Will all plugins for LR work on both PC and Mac systems? For example in PS some scripts won't work on the Mac as they use VBScript, likewise Applescript scripts won't run on a PC. Is it something I need to be aware before purchasing a plugin for LR?


----------



## pknoot (Jul 24, 2009)

I use them on both my PC and Mac LR installations with no issues.


----------



## johnbeardy (Jul 24, 2009)

Largely, yes. But it depends on the plug-in. The core Lua language is the same on each platform, but it's possible to make calls which don't work on one or the other.

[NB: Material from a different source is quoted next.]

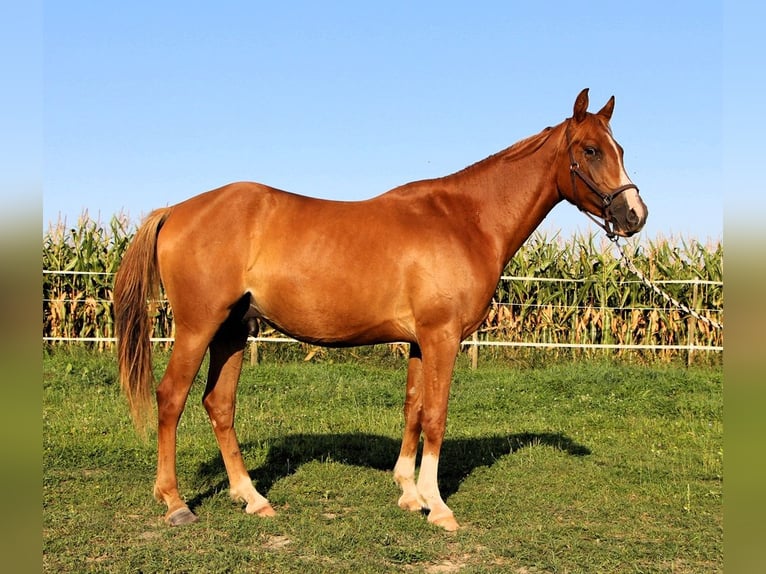 Arabian horses Gelding 3 years 15,1 hh Chestnut-Red in Kehl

The situation is more analagous to writing PS scripts using JavaScript.


----------



## LJR69 (Jul 24, 2009)

So it seems from what you are saying that generally, i.e. in most cases, they are completely platform independent, but very occasionally you'll get one that will only work on a specific platform. 
Thanks!


----------



## johnbeardy (Jul 24, 2009)

Assume they will be cross platform unless the developer says otherwise. Only a very few are limited to Mac or PC.

John


----------



## LJR69 (Jul 24, 2009)

That's great! Thanks.


----------



## theturninggate (Jul 24, 2009)

I can tell you that some of the third-party web engines behave differently using LR/Mac and LR/Win based on the Lightroom Web module's dependency on the native browser (Mac/Safari, Windows/IE) to generate the web gallery preview. Internet Explorer is much more prone to throw fits over Javascript, and is therefore less stable than the Mac version.


----------